Nobel prize for pair against abuse
Congolese doctor Denis Mukwege and Yazidi campaigner Nadia Murad won the 2018 Nobel peace prize on Friday for their work in fighting sexual violence in conflicts around the world. The pair won the award “for their efforts to end the use of sexual violence as a weapon of war and armed conflict”, Nobel committee chair Berit ReissAndersen said in unveiling the winners in Oslo, an announcement which won international praise.
The prize was announced as #MeToo marks its first anniversary after a year in which allegations of sexual abuse, rape and harassment have toppled dozens of powerful men. By recognising the pair’s work, the Nobel committee has placed a spotlight on the use of sexual violence in war as a global problem.
Mukwege, 63, was recognised for two decades of work to help women recover from the violence and trauma of sexual abuse and rape in the wartorn eastern Democratic Republic of Congo. Known as “Doctor Miracle”, he is an outspoken critic of the abuse of women during war who has described rape as “a weapon of mass destruction”.
The committee also honoured Murad, a 25-year-old Iraqi woman from the Yazidi community who in 2014 was kidnapped by Islamic State militants and endured three months as a sex slave before managing to escape.
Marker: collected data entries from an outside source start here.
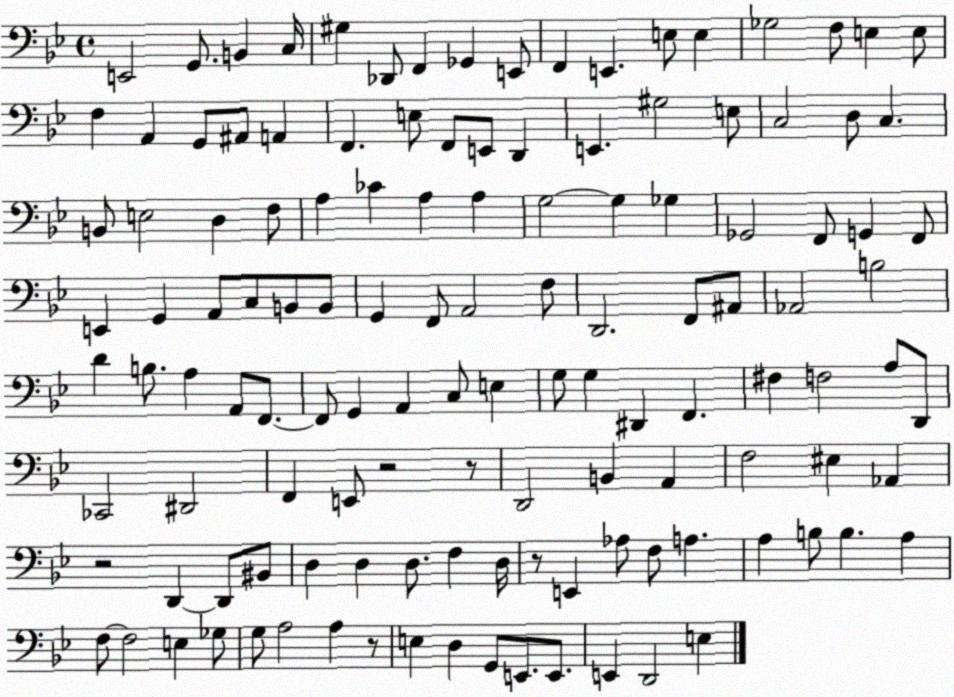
X:1
T:Untitled
M:4/4
L:1/4
K:Bb
E,,2 G,,/2 B,, C,/4 ^G, _D,,/2 F,, _G,, E,,/2 F,, E,, E,/2 E, _G,2 F,/2 E, E,/2 F, A,, G,,/2 ^A,,/2 A,, F,, E,/2 F,,/2 E,,/2 D,, E,, ^G,2 E,/2 C,2 D,/2 C, B,,/2 E,2 D, F,/2 A, _C A, A, G,2 G, _G, _G,,2 F,,/2 G,, F,,/2 E,, G,, A,,/2 C,/2 B,,/2 B,,/2 G,, F,,/2 A,,2 F,/2 D,,2 F,,/2 ^A,,/2 _A,,2 B,2 D B,/2 A, A,,/2 F,,/2 F,,/2 G,, A,, C,/2 E, G,/2 G, ^D,, F,, ^F, F,2 A,/2 D,,/2 _C,,2 ^D,,2 F,, E,,/2 z2 z/2 D,,2 B,, A,, F,2 ^E, _A,, z2 D,, D,,/2 ^B,,/2 D, D, D,/2 F, D,/4 z/2 E,, _A,/2 F,/2 A, A, B,/2 B, A, F,/2 F,2 E, _G,/2 G,/2 A,2 A, z/2 E, D, G,,/2 E,,/2 E,,/2 E,, D,,2 E,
She was one of thousands of Yazidi women and girls who were abducted, raped and brutalised by jihadists during their assault that year on the Kurdish-speaking minority.
The Nobel committee said Murad had shown “uncommon courage” in recounting her own sufferings, saying she had “refused to accept the social codes that require women to remain silent and ashamed of the abuses to which they have been subjected”.